In feite kan een programma dat zich op de grondslagen van de maatschappij baseert niets anders dan een methode voorstellen. Het is hoofdzakelijk de methode die het onderscheid maakt tussen partijen[10] en hun waarde in de geschiedenis bepaald. Afgezien van de methode, beweert iedereen dat zij het beste voor de mensheid nastreven — en velen willen dat ook daadwerkelijk. Verdwijnen de organisaties, dan verdwijnt met hen eveneens elke georganiseerde en directe actie richting het vastgestelde doel. Het is daarom dat we de anarchie, boven alles, als een methode moeten beschouwen.

Er zijn twee methoden waarvan de niet-anarchistische partijen verwachten — of zeggen te verwachten — dat ze het beste voor eenieder voort zullen brengen. Dit zijn de autoritaire en de zogenaamde liberale methode. De eerste vertrouwt het regelen van het maatschappelijk leven aan enkelen toe en zal leiden tot de uitbuiting en onderdrukking van de massa door die enkelen. De tweede partij vertrouwt op het vrije initiatief van het individu en verkondigt, als niet de afschaffing, dan toch zeker de beperking van de regeringsmacht. Maar omdat zij het privaat-eigendom respecteert en gebaseerd is op het principe van “ieder voor zich,” dus op concurrentiestrijd, is die vrijheid slechts de vrijheid van de sterken. Het is een vrijbrief voor de eigenaars om de zwakken, die niets hebben, uit te buiten en te onderdrukken. In plaats van het voortbrengen van harmonie, zou het in tegenstelling altijd de kloof tussen de rijken en de armen groter maken — en daarmee door uitbuiting en overheersing leiden tot autoriteit. Deze tweede methode, het liberalisme, is in theorie een soort anarchie zonder socialisme. Het is daarom niet meer dan een leugen, want vrijheid is niet mogelijk zonder gelijkheid. De werkelijke anarchie kan niet bestaan zonder solidariteit, zonder socialisme. De kritiek die liberalen uiten tegenover de regering, is enkel de wens dat deze bepaalde functies ontnomen wordt, zodat de kapitalisten dit onder elkaar kunnen uitmaken.[11] Maar de repressieve functies die de essentie van regeren vormen, kunnen zij niet aanvallen; zonder een gewapende eenheid kan het eigendomssysteem niet overeind worden gehouden. Nee, de repressieve macht van de regering zal alsmaar sterker moeten worden omdat vrije concurrentie leidt tot meer onenigheid en ongelijkheid.
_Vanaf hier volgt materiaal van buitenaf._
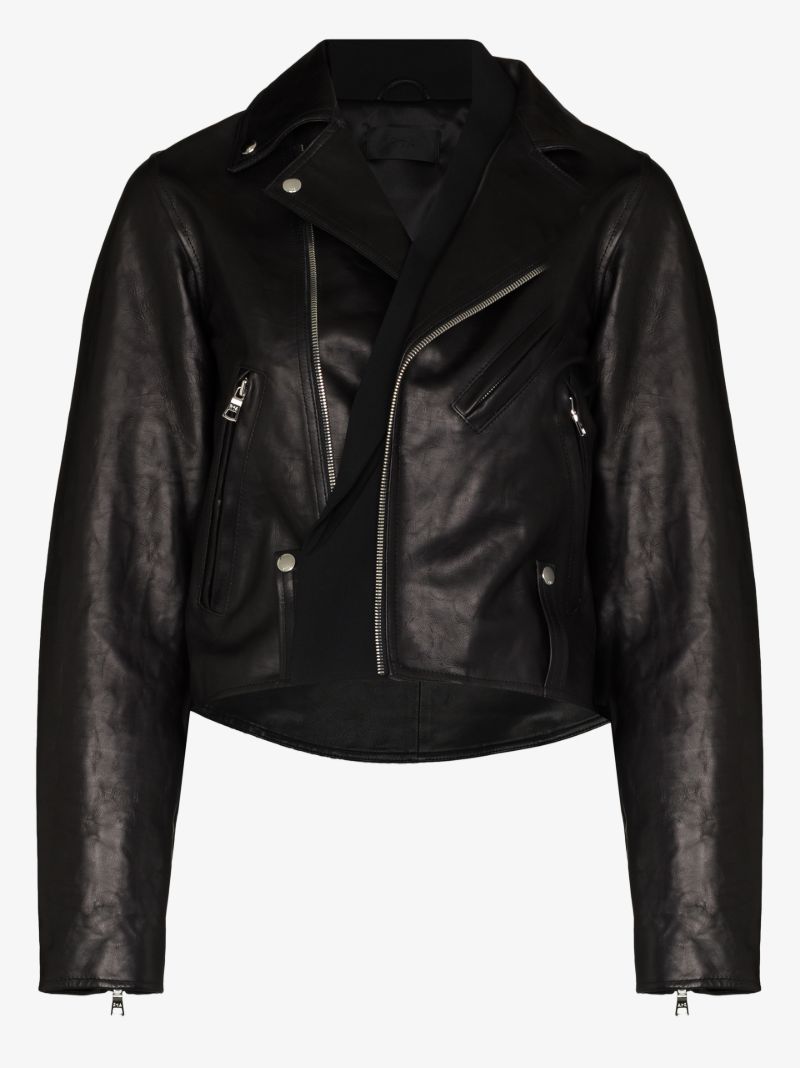 Saige Cropped Leather Jacket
De anarchisten brengen een nieuwe oplossing: het vrije initiatief voor allen en de vrije overeenstemming. Nadat de revolutionaire actie het privaat-eigendom heeft afgeschaft zal iedereen gelijke beschikking hebben over de maatschappelijke rijkdommen. Deze methode, die het opnieuw instellen van het privaat-eigendom niet toe laat, zal door middel van de vrije samenwerking tot de volledige overwinning van de solidariteit voeren.
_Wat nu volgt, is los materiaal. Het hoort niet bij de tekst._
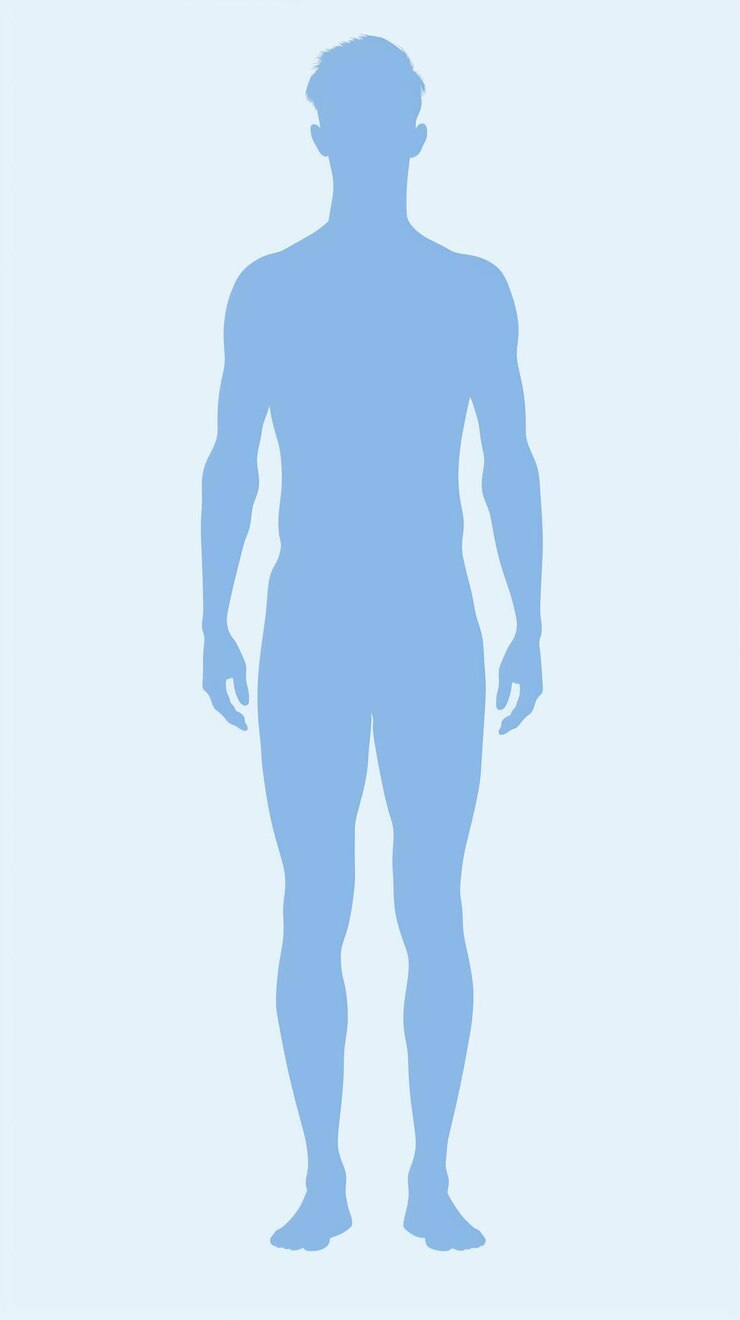 Photo the silhouette of a man with a blue background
En zo zien we dat alle bezwaren die men tegen het anarchisme opwerpt juist op argumenten vóór het anarchisme uitdraaien. Alleen het anarchisme wijst ons de beste weg die door middel van ervaring, de oplossingen die de wetenschap voorschrijft, en de behoeften en wensen van iedereen, kan worden gevonden.

Hoe zouden kinderen worden onderwezen? We weten het niet. Ouders, leraren, en iedereen die geïnteresseerd is in de toekomst van de nieuwe generatie, zal bijeenkomen, met elkaar discussiëren, instemmen en van mening verschillen. Zij zullen zich vervolgens verdelen naar gelang hun verschillende opvattingen, waarbij zij de methodes die zij als beste zien in de praktijk zullen brengen. De methode die, door middel van proberen, het beste resultaat levert, zal uiteindelijk zegevieren.

En zo zal het gaan voor alle problemen die zich voortdoen.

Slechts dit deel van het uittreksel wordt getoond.